Data can transform a struggling business into a successful one, but first, you need to transform the data. Here’s how.
Businesses analyze data to better understand their customers, identify new opportunities, and generally make better decisions. In order to analyze data, data must first be organized and structured in a manner that can be easily interpreted by analysts and formed into dashboards, reports, and predictive models.
Raw data is seldom structured or formatted in a way that is directly conducive to analysis. Transformation refers to any of the operations involved in turning raw data into analysis-ready data models. Data models are representations of reality that help users accomplish specific goals. For the purposes of analytics, businesses need KPIs and other metrics in order to quantify and understand what, and how, they are doing.
For example, in a business setting, the most valuable data often lives in business applications — Salesforce, Google Analytics, and the like. To maximize its value, you have to extract the data, load it into a repository, and transform it into a data model — from which you can derive business intelligence.
That’s what ELT software does: It extracts data from hundreds of different sources, loads it into a data warehouse or data lake, and transforms data from one format into another for use in analysis.
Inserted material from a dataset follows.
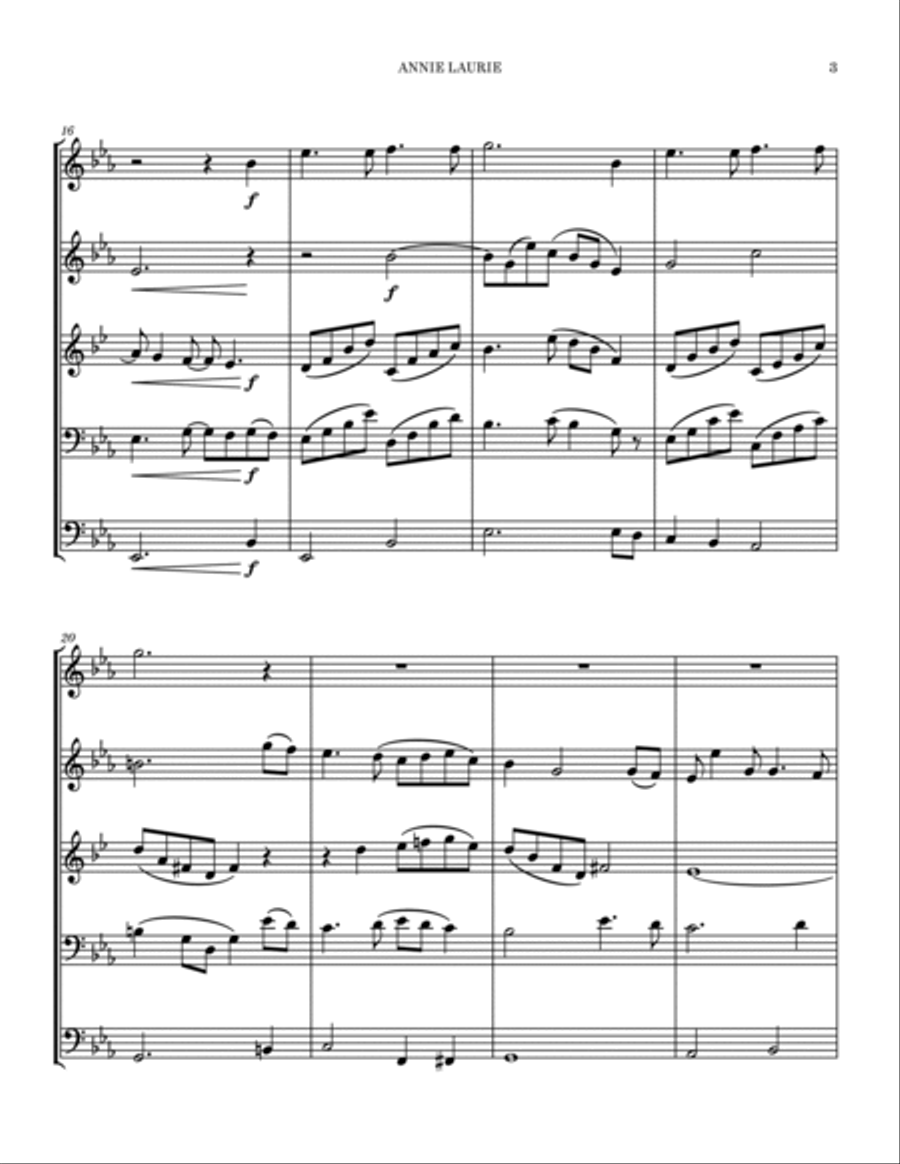 Annie Laurie Brass Quintet scores gallery preview page 3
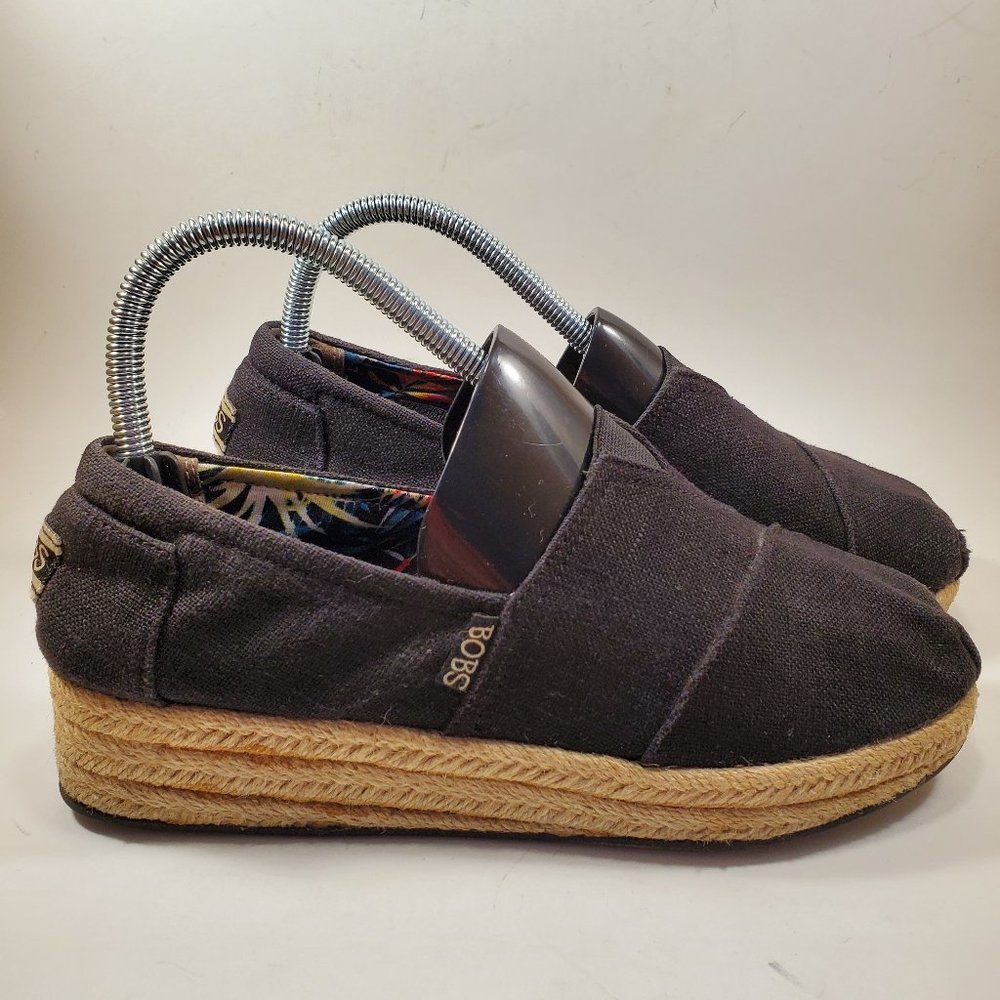 Womens BOBS Sz 7.5 by Skechers Shoes Memory Foam Espadrille Wedge Black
The main challenges concerning transformation are project turnaround time and accessibility. Traditionally, data transformation has been the purview of engineers well-versed in scripting languages, and has required lengthy project work cycles.
Modern approaches to transformation leverage cloud-based tools and technologies that collectively form the modern data stack.
Data can be transformed in the following ways:
Cleaning: altering values for formatting compatibility
Format revision/conversion: replacing incompatible characters, converting units, converting date formatting
Key restructuring: altering values so that they can be used as keys across tables
Deduplication: identifying and removing duplicate records.
Data validation: evaluate the validity of a record by the completeness of the data
Derivation: performing simple cross-column calculations
Summarization: using aggregate functions to get summary values
Pivoting: turning row values into columns
Sorting, ordering and indexing: to improve search performance
Splitting: splitting a single column into multiple columns — used for fields containing delimited values, or for converting a column with multiple possible categorical values into dummy variables for regression analysis
Filtering: selecting only certain rows or columns
Joining: linking data across sources
Merging/appending/union: combining records from multiple sources
Integration: reconcile names and values for the same data element across different sources
The following example involves pivoting and summarizing. Imagine you have raw data in a table with a stream of activities:
The table above isn’t particularly amenable to being read or interpreted by an analyst, nor can it readily be represented by a trendline.
Suppose you want to create a chart illustrating purchases and returns by date. In order to turn the preceding data into a trendline, you will have to group the data by date and count the number of each activity. You may end up with a table like this:
By creating this new table, you have pivoted the original table by turning values from the “activity” column into columns of their own, under which you have summarized the data by counting instances.
Data can be transformed at two stages of the data integration process. It can take place before or after the data is loaded to its destination, typically a data warehouse.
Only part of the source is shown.